Worse for Newsom, this turnaround does not reflect a national phenomenon. Gregg Abbott’s Texas and Ron DeSantis’s Florida have achieved large budget surpluses, with several red states even initiating tax cuts. If the situation does not change, the contrast could prove devastating to Newsom’s presidential ambitions as well as to President Joe Biden, whose policy agenda largely follows progressive California lines.
The key to California’s travails lies not in other state’s stars, but in its own failing. California’s single-minded climate jihad — in addition to onerous labour regulations — has driven investment and people out of the state. Indeed, investment in rocket, battery, electric vehicle and semiconductor plants that may once have fitted naturally in the Golden State is now going to the likes of Ohio, Florida, and Texas.

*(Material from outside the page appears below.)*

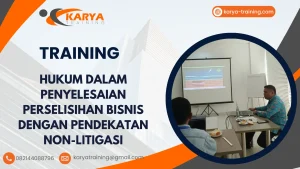 TRAINING HUKUM DALAM PENYELESAIAN PERSELISIHAN BISNIS DENGAN PENDEKATAN NON-LITIGASI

Any attempt to restrain spending will be painful for Californians who have grown reliant on an expansive welfare state. The state already suffers from the worst housing affordability in the country. What’s more, in 2022 California suffered some of the lowest personal income growth rates in the country, and its GDP grew at less than half the pace of its arch-rival, Texas.
Yet as the poor and working class suffer, those leaving at record levels are not all impoverished campesinos, but increasingly middle-income, middle-aged families — the people once central to the California dream.
An even greater immediate concern is the loss of the wealthy. Until recently, California was able to hold onto its bevy of rich taxpayers — unlike New York, Illinois and other basket cases — due to its vibrant venture economy, pleasant weather and beautiful cities. But in 2020, California lost $17.8 billion in personal tax revenues, a figure bested only by New York.
It is dawning on people, including the super-rich, that California is losing its lustre — and losing it fast.